■ Task description
The records below are to be reproduced exactly, with every picture left out.

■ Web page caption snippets
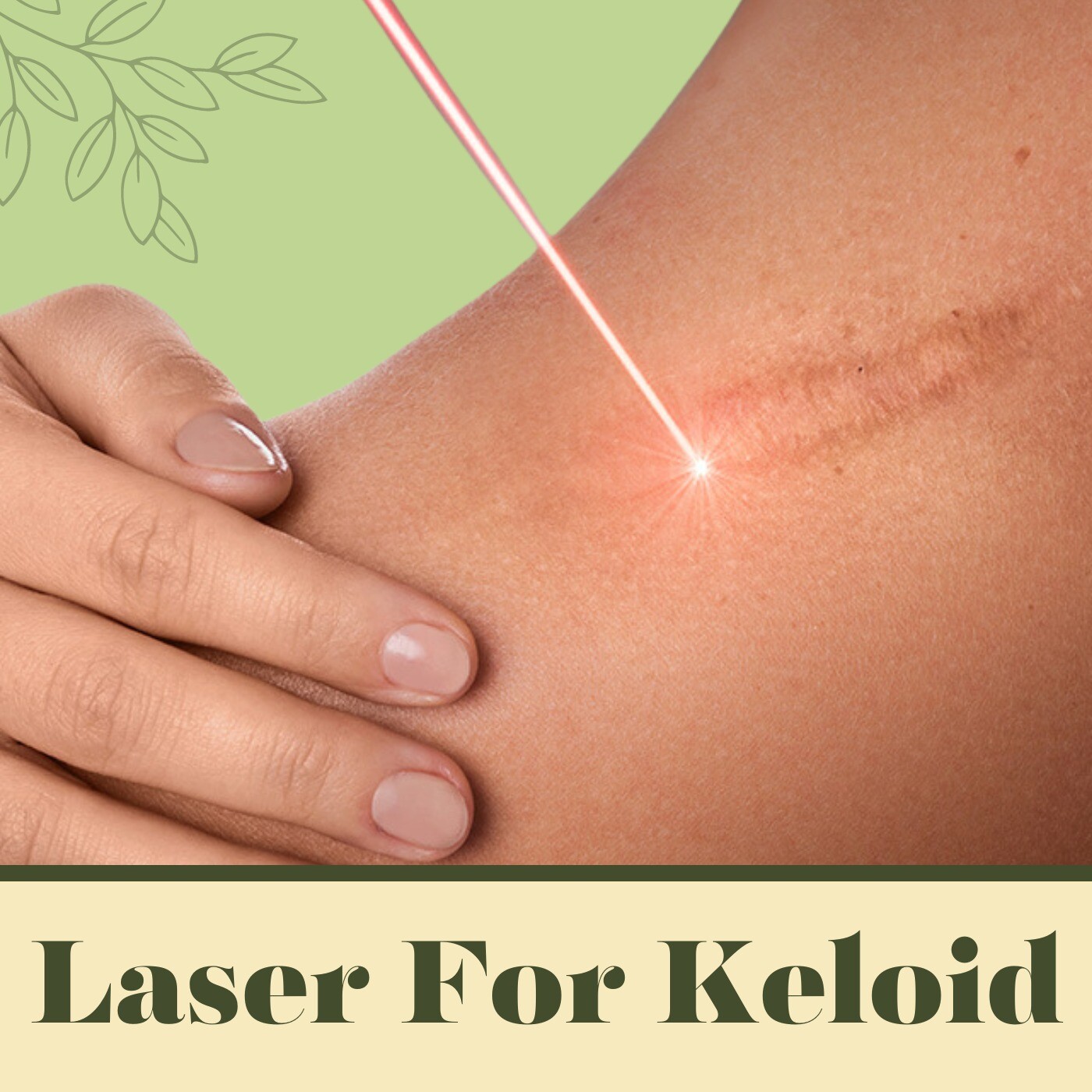 Laser For Keloid, Keloid Scar Reduction, Hypertrophic Scars, Himatnagar, Ambikapur, Nanded, Surat, India. episode artwork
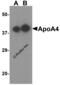 Apolipoprotein A4 antibody, 5929, ProSci, Western Blot image 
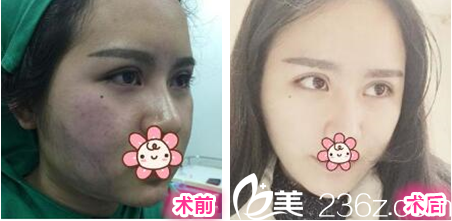 貴陽美貝爾侯舍予面部吸脂案例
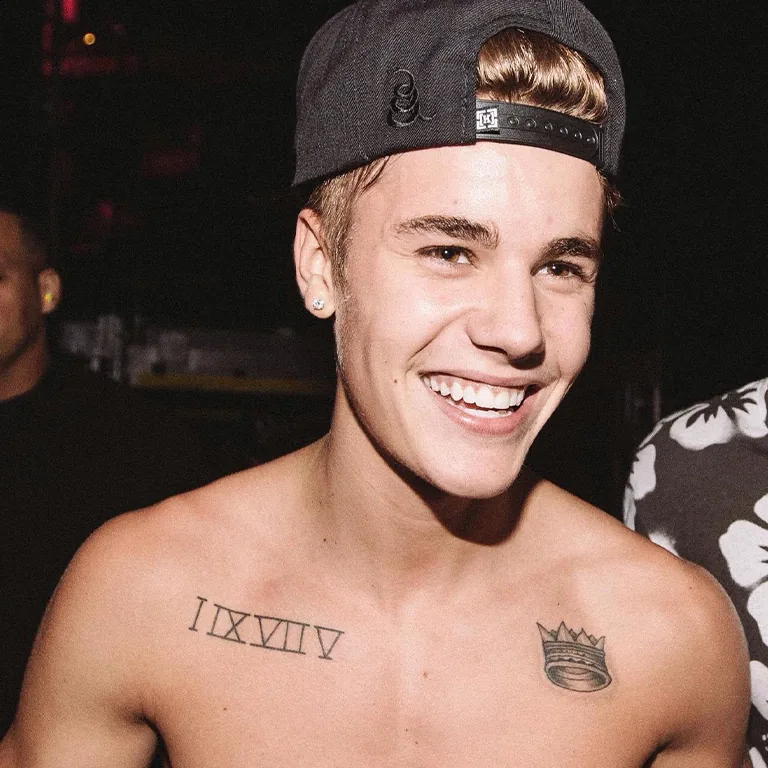 Justin Bieber Teeth Before and After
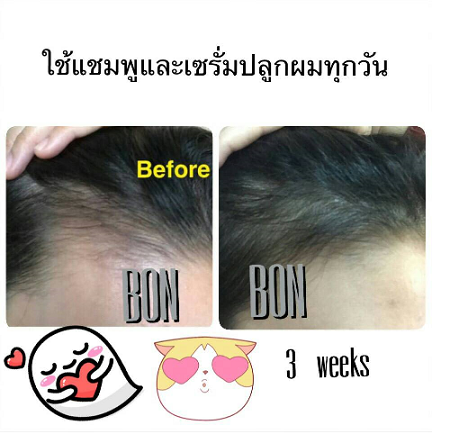 ผลิตภัณฑ์ดูแลเส้นผมและหนังศรีษะบอนบอน 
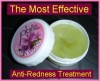 Acne Rosacea Treatment Eliminate Redness Age Spots NEW 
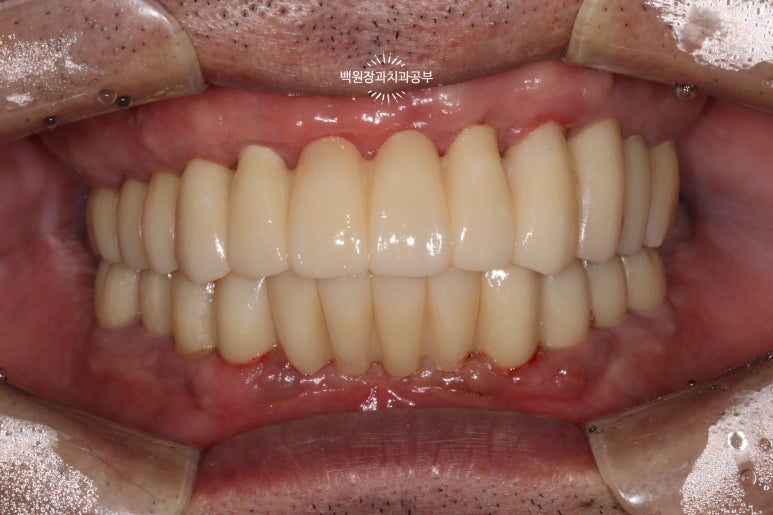 오스템임플란트 네비게이션 전체 임플란트 치료일기. 치료과정/치료기간/비용/솔직후기. 관련 이미지 37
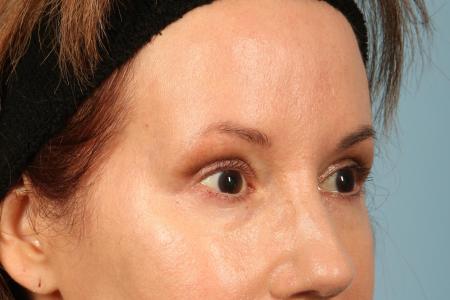 After image 2 Case #116486 - Upper Eyelid Contouring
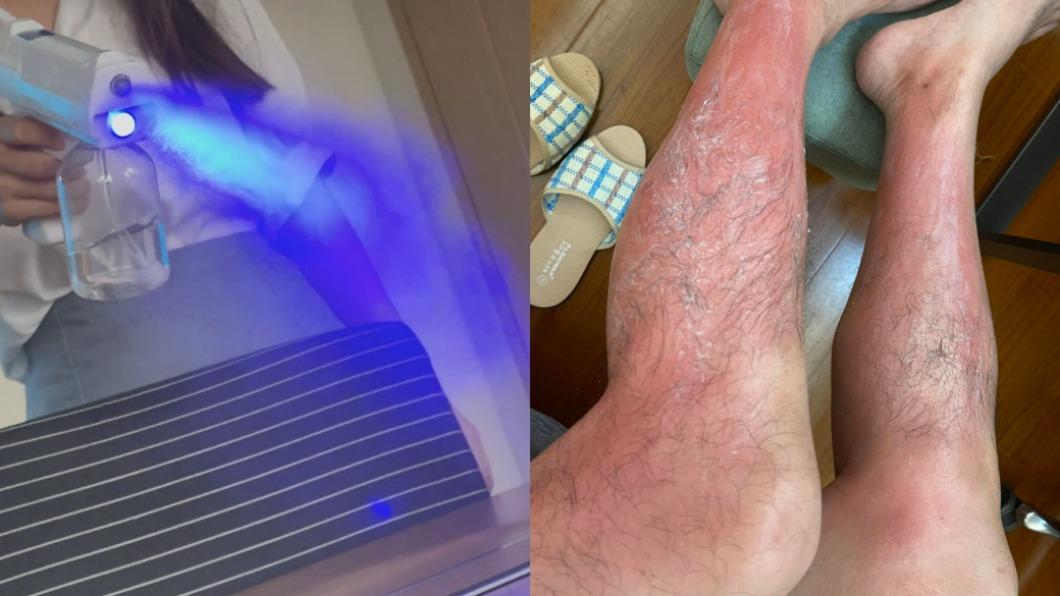 紫外線燈殺菌有風險!他雙腿燙傷「眼睛睜不開」 恐怖後果曝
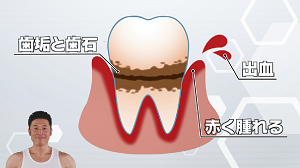歯周病予防動画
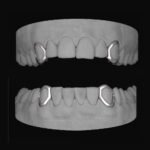 4 x Window Canines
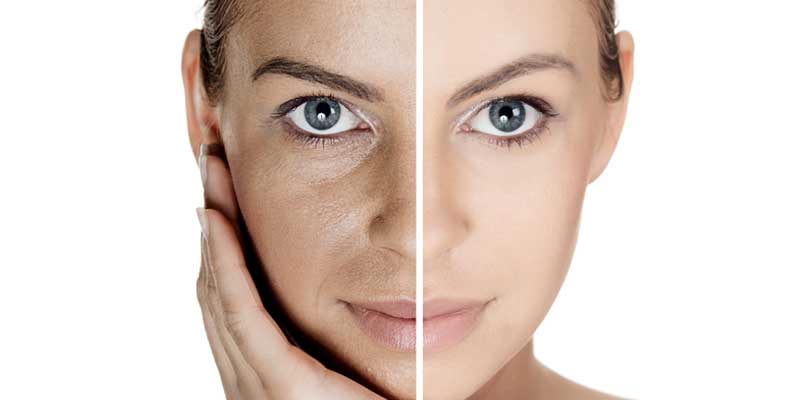 Combat dark skin during pregnancy, acne and other skin problems with these 6 easy steps.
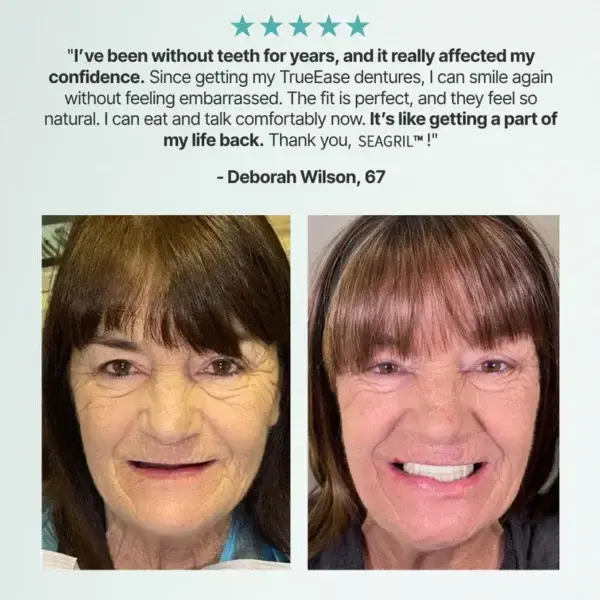 Custom-Fit Full Functional Dentures - Image 7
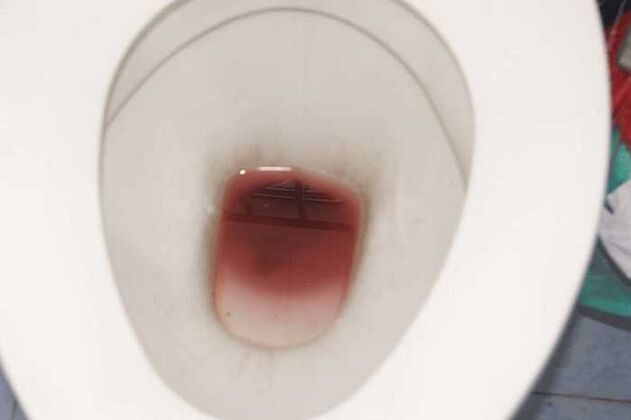 تظهر البقع عندما يكون الرجال متحمسين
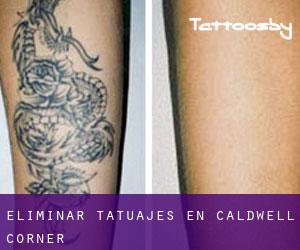 Eliminar tatuajes en Caldwell Corner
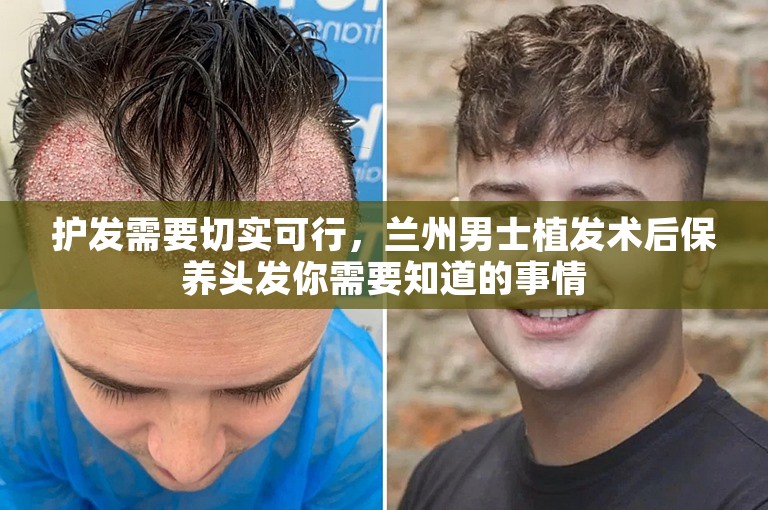 护发需要切实可行，兰州男士植发术后保养头发你需要知道的事情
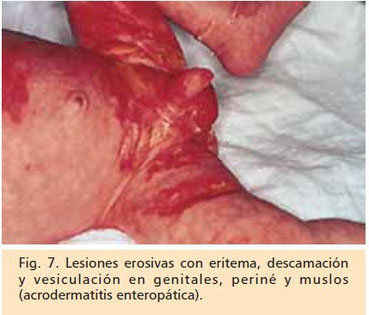 acrodermatitis enteropatica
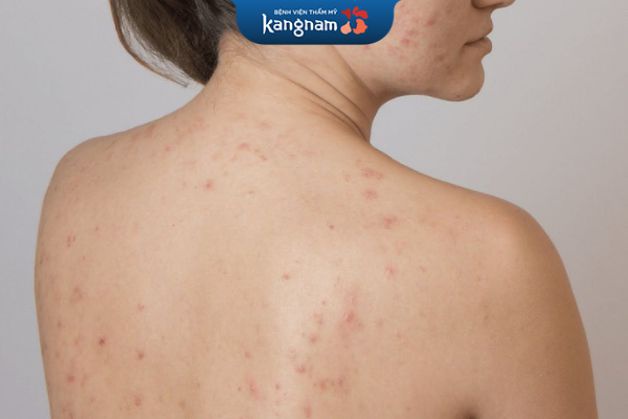 Mụn đầu đen, đầu trắng, mụn mủ, nặng hơn là u nang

■ Exercise response
 Laser For Keloid, Keloid Scar Reduction, Hypertrophic Scars, Himatnagar, Ambikapur, Nanded, Surat, India. episode artwork
 Apolipoprotein A4 antibody, 5929, ProSci, Western Blot image 
 貴陽美貝爾侯舍予面部吸脂案例
 Justin Bieber Teeth Before and After
 ผลิตภัณฑ์ดูแลเส้นผมและหนังศรีษะบอนบอน 
 Acne Rosacea Treatment Eliminate Redness Age Spots NEW 
 오스템임플란트 네비게이션 전체 임플란트 치료일기. 치료과정/치료기간/비용/솔직후기. 관련 이미지 37
 After image 2 Case #116486 - Upper Eyelid Contouring
 紫外線燈殺菌有風險!他雙腿燙傷「眼睛睜不開」 恐怖後果曝
歯周病予防動画
 4 x Window Canines
 Combat dark skin during pregnancy, acne and other skin problems with these 6 easy steps.
 Custom-Fit Full Functional Dentures - Image 7
 تظهر البقع عندما يكون الرجال متحمسين
 Eliminar tatuajes en Caldwell Corner
 护发需要切实可行，兰州男士植发术后保养头发你需要知道的事情
 acrodermatitis enteropatica
 Mụn đầu đen, đầu trắng, mụn mủ, nặng hơn là u nang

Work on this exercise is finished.